--- Task ---
Check every line of the data for the word "Small", and copy those that have it.

_ _ _ _ _

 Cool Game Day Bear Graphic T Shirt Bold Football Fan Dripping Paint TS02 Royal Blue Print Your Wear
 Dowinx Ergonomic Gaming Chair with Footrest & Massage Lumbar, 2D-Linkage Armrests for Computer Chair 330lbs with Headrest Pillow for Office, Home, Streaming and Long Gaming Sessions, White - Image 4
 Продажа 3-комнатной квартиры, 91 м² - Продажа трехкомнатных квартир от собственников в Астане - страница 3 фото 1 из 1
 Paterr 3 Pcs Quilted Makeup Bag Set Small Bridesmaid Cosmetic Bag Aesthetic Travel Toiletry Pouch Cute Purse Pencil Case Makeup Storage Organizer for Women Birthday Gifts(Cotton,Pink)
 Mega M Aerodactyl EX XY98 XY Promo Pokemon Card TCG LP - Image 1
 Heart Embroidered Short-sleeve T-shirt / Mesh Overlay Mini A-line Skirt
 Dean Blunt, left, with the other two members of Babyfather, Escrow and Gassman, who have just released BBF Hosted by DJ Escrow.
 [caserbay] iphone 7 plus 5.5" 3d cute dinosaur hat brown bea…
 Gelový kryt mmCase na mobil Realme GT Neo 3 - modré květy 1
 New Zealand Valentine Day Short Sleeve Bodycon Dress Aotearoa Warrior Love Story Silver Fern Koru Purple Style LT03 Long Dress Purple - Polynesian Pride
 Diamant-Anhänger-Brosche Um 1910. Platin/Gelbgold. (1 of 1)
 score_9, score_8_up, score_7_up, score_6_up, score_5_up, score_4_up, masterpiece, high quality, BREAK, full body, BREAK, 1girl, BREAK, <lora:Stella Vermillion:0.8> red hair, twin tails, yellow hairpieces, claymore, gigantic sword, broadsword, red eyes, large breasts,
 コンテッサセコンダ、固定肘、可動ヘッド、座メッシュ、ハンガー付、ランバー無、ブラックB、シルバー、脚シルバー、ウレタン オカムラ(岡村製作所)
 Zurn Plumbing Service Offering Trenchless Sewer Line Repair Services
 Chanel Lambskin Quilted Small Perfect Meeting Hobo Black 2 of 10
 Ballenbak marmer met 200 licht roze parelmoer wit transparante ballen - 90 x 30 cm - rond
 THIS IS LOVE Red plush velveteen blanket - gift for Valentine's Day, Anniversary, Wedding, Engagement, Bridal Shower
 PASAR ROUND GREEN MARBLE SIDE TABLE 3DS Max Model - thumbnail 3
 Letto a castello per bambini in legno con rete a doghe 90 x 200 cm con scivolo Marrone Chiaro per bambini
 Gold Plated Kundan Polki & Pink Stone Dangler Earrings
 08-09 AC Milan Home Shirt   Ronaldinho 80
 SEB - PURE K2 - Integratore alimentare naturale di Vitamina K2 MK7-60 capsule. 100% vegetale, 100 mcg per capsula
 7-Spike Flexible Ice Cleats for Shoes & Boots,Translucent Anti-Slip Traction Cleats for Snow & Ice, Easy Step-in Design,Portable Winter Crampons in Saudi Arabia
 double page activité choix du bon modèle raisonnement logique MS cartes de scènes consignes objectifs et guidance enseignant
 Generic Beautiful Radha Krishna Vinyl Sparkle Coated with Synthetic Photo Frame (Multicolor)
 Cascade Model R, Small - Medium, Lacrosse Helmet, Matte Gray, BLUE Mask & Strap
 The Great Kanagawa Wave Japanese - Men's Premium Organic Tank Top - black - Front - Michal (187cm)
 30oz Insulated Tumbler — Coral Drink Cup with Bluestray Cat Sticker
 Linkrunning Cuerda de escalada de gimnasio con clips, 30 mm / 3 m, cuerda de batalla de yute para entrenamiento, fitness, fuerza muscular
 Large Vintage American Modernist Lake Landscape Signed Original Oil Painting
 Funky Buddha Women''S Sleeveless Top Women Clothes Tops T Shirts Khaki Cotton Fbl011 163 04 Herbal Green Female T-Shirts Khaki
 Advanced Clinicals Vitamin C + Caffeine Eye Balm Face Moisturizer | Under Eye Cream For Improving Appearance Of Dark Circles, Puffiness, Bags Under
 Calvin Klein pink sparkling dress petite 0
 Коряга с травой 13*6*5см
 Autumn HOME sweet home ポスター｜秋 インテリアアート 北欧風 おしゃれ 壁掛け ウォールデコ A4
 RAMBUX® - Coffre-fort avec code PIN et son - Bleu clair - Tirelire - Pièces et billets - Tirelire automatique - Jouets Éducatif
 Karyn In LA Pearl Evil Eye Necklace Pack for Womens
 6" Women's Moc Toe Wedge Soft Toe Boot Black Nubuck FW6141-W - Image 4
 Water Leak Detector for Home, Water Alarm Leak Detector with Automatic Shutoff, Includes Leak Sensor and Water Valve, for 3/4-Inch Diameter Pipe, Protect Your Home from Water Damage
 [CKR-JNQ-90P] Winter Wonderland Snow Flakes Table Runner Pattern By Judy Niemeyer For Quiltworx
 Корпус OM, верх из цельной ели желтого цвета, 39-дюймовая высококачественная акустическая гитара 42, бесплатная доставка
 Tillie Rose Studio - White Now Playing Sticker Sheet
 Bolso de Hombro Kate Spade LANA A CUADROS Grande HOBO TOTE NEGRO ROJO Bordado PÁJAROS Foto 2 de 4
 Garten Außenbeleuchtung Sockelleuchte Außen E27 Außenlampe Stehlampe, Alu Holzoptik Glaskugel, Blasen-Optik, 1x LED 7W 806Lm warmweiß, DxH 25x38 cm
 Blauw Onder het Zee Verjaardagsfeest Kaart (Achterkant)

_ _ _ _ _

--- Solution below ---
 Paterr 3 Pcs Quilted Makeup Bag Set Small Bridesmaid Cosmetic Bag Aesthetic Travel Toiletry Pouch Cute Purse Pencil Case Makeup Storage Organizer for Women Birthday Gifts(Cotton,Pink)
 Chanel Lambskin Quilted Small Perfect Meeting Hobo Black 2 of 10
 Cascade Model R, Small - Medium, Lacrosse Helmet, Matte Gray, BLUE Mask & Strap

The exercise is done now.